I also learned about the various grasses that are sown, or broadcast (he used that wonderful old word), across the land to grow a soil-retaining cover, one of the essential first steps in the creation of a prairie. Careful ongoing weeding is also of the essence as plants start to grow, paying attention so that no one species becomes dominant to the detriment of others.
We continued our stroll along the winding prairie paths, lined by elderberry bushes; prairie cup plants (so named because their leaves form cups deep enough to retain plentiful moisture); the tall, brilliantly yellow wingstem, also known as tickseed (Coriopsis); and the dramatically purple ironweed.
When Eric pointed out that a diverse healthy prairie can have hundreds of species, I began to feel like that aforementioned rookie botanist, learning names of just a few obvious and ubiquitous flowers I had photographed many times on other bike rides.

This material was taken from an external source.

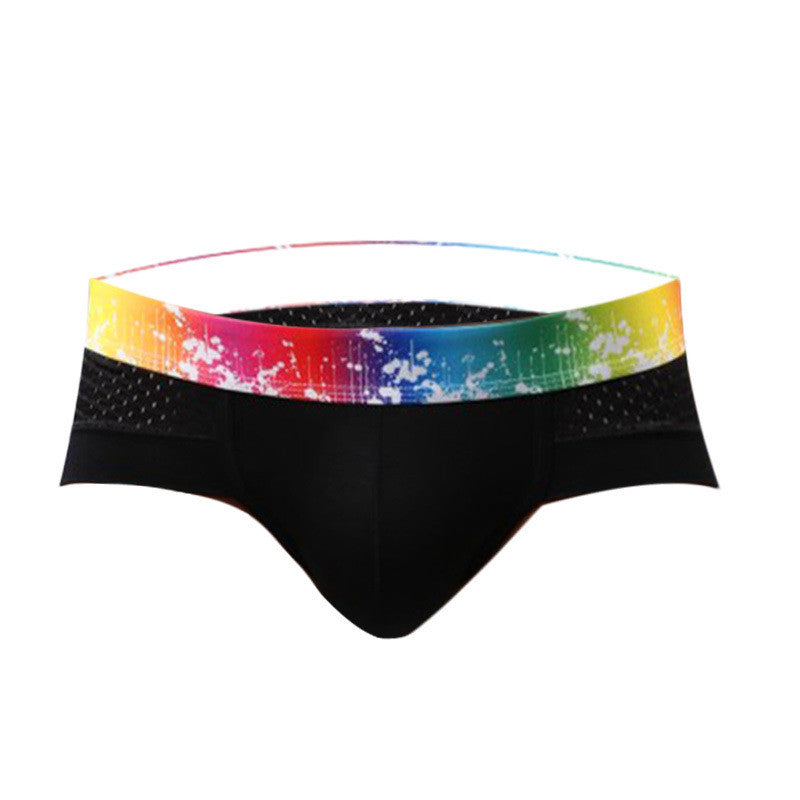 Men's Color-Edged Mesh Modal Low-Waist Fashionable Breathable Briefs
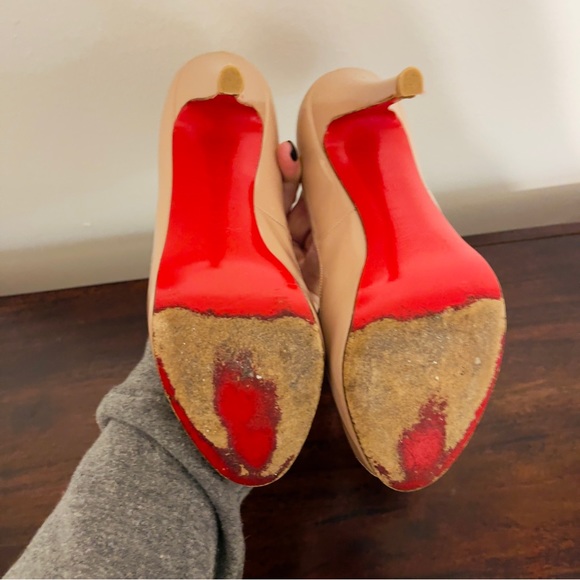 Christian Louboutin Very Prive Nude Patent Platform Peeptoe Heels 37.5 - Picture 5 of 9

There is, for example, a bewildering array of intensely yellow blooming plants that I always thought were either Brown-eyed Susans or sunflowers. Far from it—they may be gray cone flowers (Rittibida pinnata), false sunflowers (Heliopsis helanthoids), a more delicate version of the yellow wingstem (Coriopsis tripteris), or the compass flower (Silphium laciniatum). But, botany aside, they all look gorgeous and light up a prairie landscape (as well as any humble front yard flower patch).
On my way home, I thought about how lucky we Chicagoans are that, thanks to the fabulous work of the Chicago Park District, parks are no longer just trees, grass, and playgrounds, but that nature is increasingly given a wide berth in our urban environment.
Eric put it well: “We are trying to read the landscape and figure out what used to be there and what could be there; we are trying to understand the steps to bring this forth.”
Art on the River
Not entirely unrelated to my jaunts across Chicago’s neighborhoods, gardens, and prairies was my viewing adventure of the Floating Museum on the Chicago River. It is a phenomenal collaborative art project that intends to “activate sites of cultural potential throughout Chicago’s neighborhoods.”
It is a barge stacked with crates displaying not only a great variety of works from local artists and their diverse cultural backgrounds but also powerful visual symbols of Chicago’s early history.
Jeremiah Hulsebos-Spofford, a prominent visual artist and one of the four co-directors and important contributor to this project, created the stunning recumbent head ofJean Baptiste Point du Sable at the bow of the barge made an informal, informative, and most entertaining presentation at water’s edge.
He spoke eloquently about the vision and symbolism of the Floating Museum, the River Assembly, the river as a connecting and transporting agent throughout Chicago. The barge was moored at SkyArts in Southeast Chicago: 3026 East 91st Street at 2751 South Eleanor Street, Pilsen, Bridgeport’s Bubbly Creek, before it came to the River Walk theatre, emphasizing the “move a across neighborhood boundaries” and the dramatic history of the South Branch of the Chicago River.
What a delight the river has become since those days of yore! The merry to-and-fro of many colorful vessels, the busy water taxis, the nimble kayaks parading on the Main Stem is a visual delight, inspiring and invigorating—as is the vibrant elegance of the Riverwalk complex that spans from Franklin Street to Lake Shore Drive.
Jeremiah’s jocular remark that he hopes the barge, one day, will transport the Chicago Symphony Orchestra up and down the river, expresses beautifully a sense of integration and renewal. It also relates to the red thread of my wanderings, whether it be the creation of a garden on a one-time parking lot, the planting of a prairie on the grounds of a disbanded military installation, or a barge transporting art and culture on a once egregiously polluted river.